(FT-Transformer) None if X_num is None else X_num[part][idx], IndexError: index 595 is out of bounds for dimension 0 with size 595

GiovanniAVS commented 2 months ago

Hi,

Following your instructions here I managed to split the files into N and y. My file has 9 numeric features and the output has only two classes 0 or 1, that is, it is a classification problem. Doing the suggested division I obtained 2855 data for training, 952 for testing and 952 for validation (I have already counted the removal of the label line). It was very similar to the higgs_small data.

I modified the path of the 'reproduced.toml' file to the new folder containing the data.

The new 'info.json" file was as follows:

{ "name": "teste___0", "basename": "teste", "split": 0, "task_type": "binclass", "n_num_features": 9, "n_cat_features": 0, "train_size": 2855, "val_size": 952, "test_size": 952 }

("teste" is the name of the folder containing the data)

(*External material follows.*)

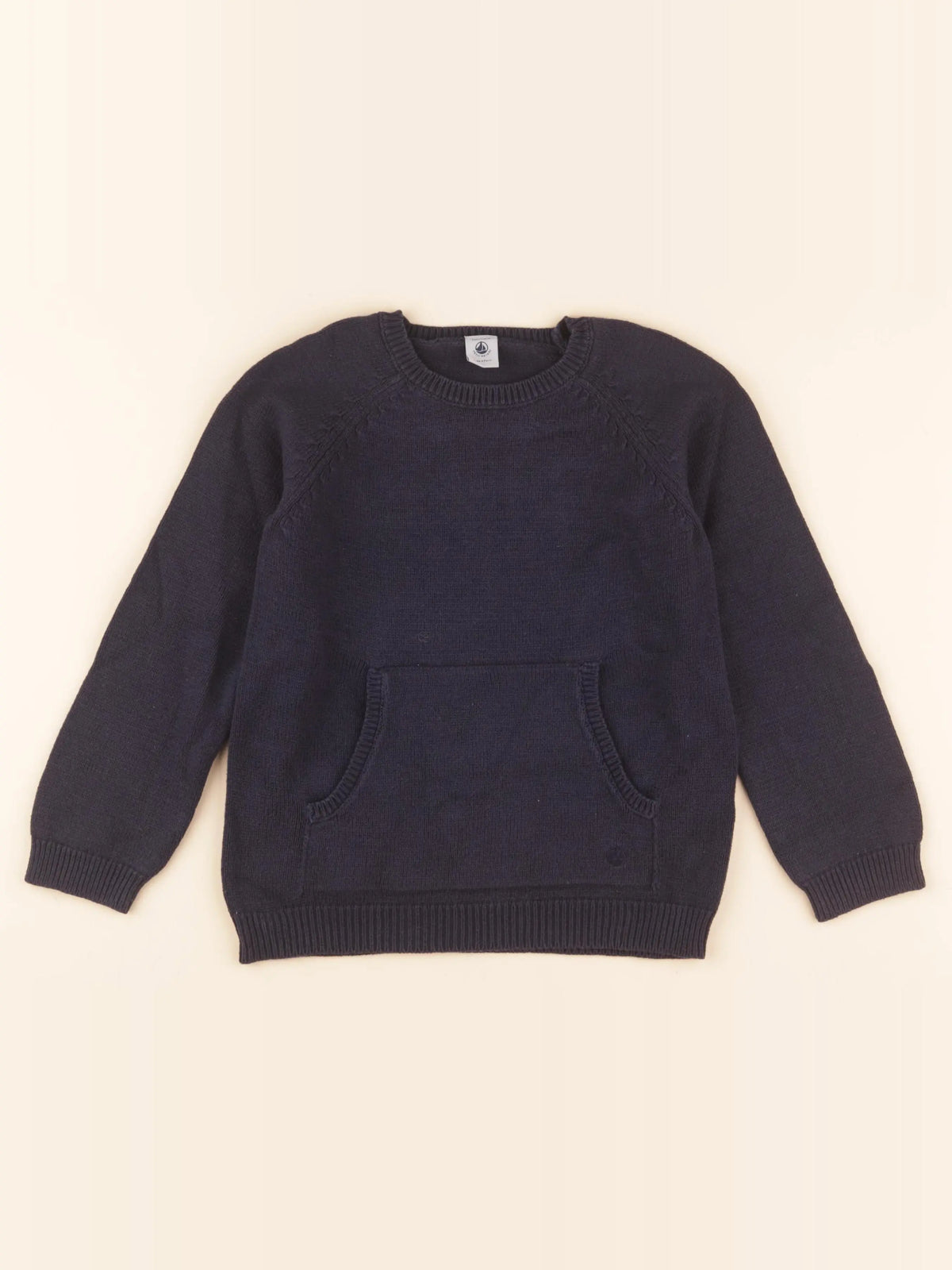 Pull bleu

Ok, everything is ready, I ran the command "python bin/tune.py output/teste/ft_transformer/tuning/reproduced.toml"

However, I received the following error: None if X_num is None else X_num[part][idx], IndexError: index 595 is out of bounds for dimension 0 with size 595

The problem is that I have no idea where this 595 came from, since all my data has values much higher than that, I tried to recalculate the data several times, but this same problem persists. Do you happen to know how to help me with this?

error_print

Yura52 commented 2 months ago

Hi,

Unfortunately, it is hard to name the exact reason. I have three quick suggestions:

Remove the cache files for your dataset. They are created directly in the dataset folder and their names start with build_X_... (see this line).
Print the shapes of all tensors in X_num to ensure that they have the shape that you expect.
Separately from the scripts in this repository, read the files of your dataset and check the dimensions.

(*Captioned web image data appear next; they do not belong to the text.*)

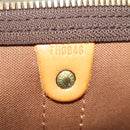 LOUIS VUITTON Monogram Keepall Bandouliere 60 Boston Bag M41412 LV Auth 101205-12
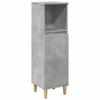 Bathroom cabinet with door storage bathroom cabinet, entrance cabinet, 30x30x100 cm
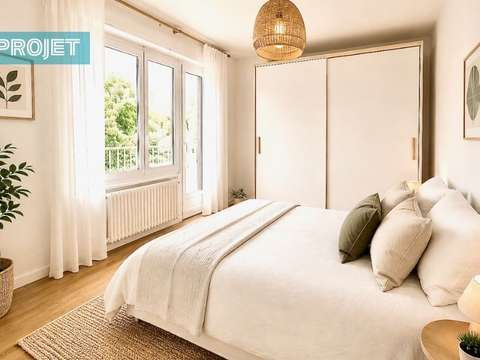 Vente appartement 3 pièces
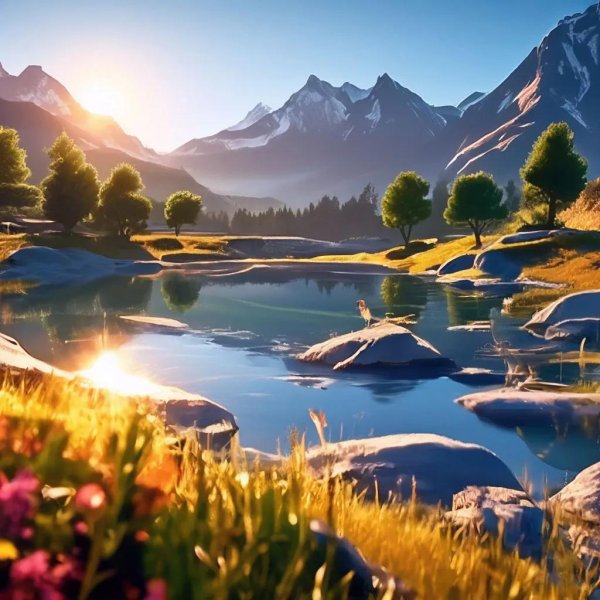 лучшие пейзажи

Let me know if further help is needed

GiovanniAVS commented 2 months ago

Thanks for the quick response, Romoving the cache file solved the problem, but I stumbled upon another one haha. In each epoch, after a little while, the following warning appears "anaconda3/envs/revisiting-models/lib/python3.8/site-packages/sklearn/metrics/_classification.py:1245: UndefinedMetricWarning: Precision and F-score are ill-defined and being set to 0.0 in labels with no prediction samples.Use zero_division parameter to control this behavior." I think the program is probably indicating everything for just one class, then it can't calculate the metrics for classes that don't have predictions, but I don't understand why. Do you perhaps know if this has to do with the type of data?

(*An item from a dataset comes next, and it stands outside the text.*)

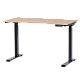 Ergonomic height-adjustable desk Carmen CR-119 - beech-black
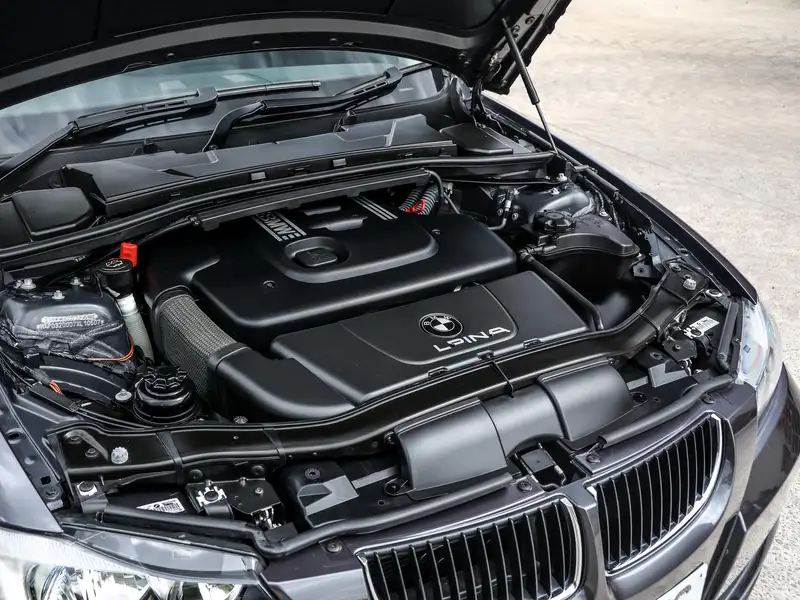 2008 BMW Alpina D3 - Manual - 3,600 Miles-For Sale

Below I'm sending a small sample of the data data_type

Yura52 commented 2 months ago

On our benchmark, the same message appears at the beginning of training on some datasets. As the training continues, the model becomes smarter and the message is gone.

I think this indeed happens because some of the classes are not predicted at all, or the model constantly predicts only one class. In fact, I can imagine that on some datasets some rare classes can be not predicted at all even by the end of training. And even then, it is still possible to compute metrics such as accuracy (and they will be successfully computed). But I think our code computes many metrics, and some of them can trigger the warning.

To sum up, the warning is not a problem as such, but you have to analyse in more detail the predictions of your model to ensure that it produces reasonable predictions for your dataset.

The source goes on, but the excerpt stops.